INSTRUCTIONS TO FOLLOW: Although the data holds pictures, return only the lines from the one containing "how-long-does-botox-last" to the end, exactly, and without them.

MATERIAL PROVIDED:
[Start of section]
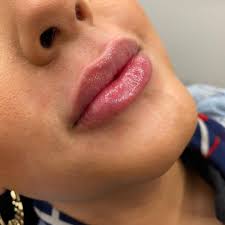 Discover the transformative power of chin and jawline filler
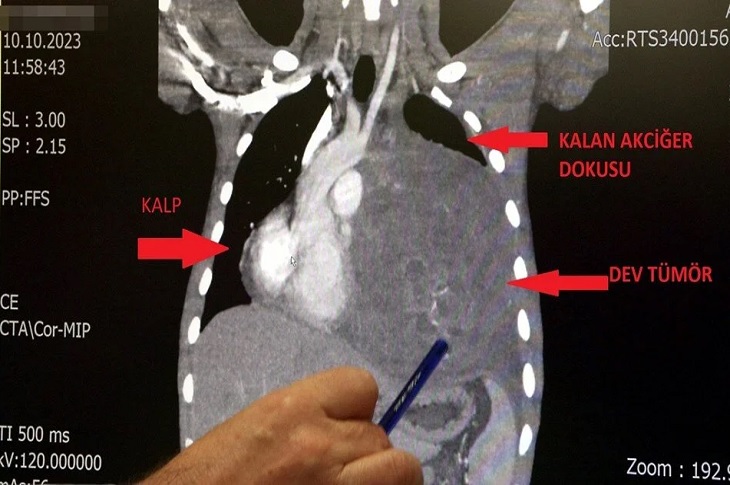 Hastadaki dev tümörün film görüntüsü objektife yansıyor.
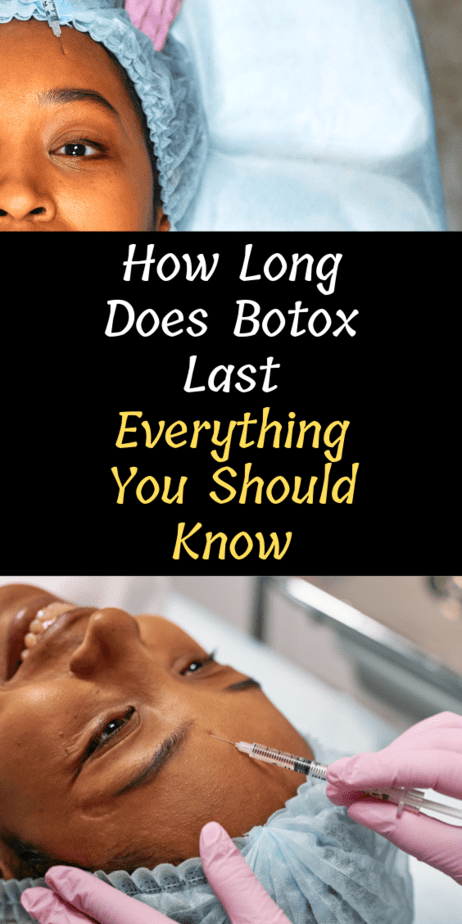 how-long-does-botox-last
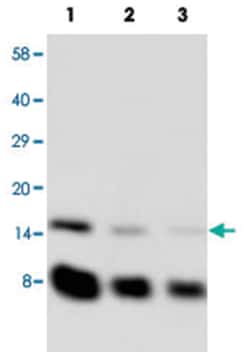 IGF1 Rabbit anti-Human, Rat, Polyclonal Antibody, Abnova 100&mu;g; Unlabeled:Antibodies,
[End of section]
OUTPUT OF THE TASK:
 how-long-does-botox-last
 IGF1 Rabbit anti-Human, Rat, Polyclonal Antibody, Abnova 100&mu;g; Unlabeled:Antibodies,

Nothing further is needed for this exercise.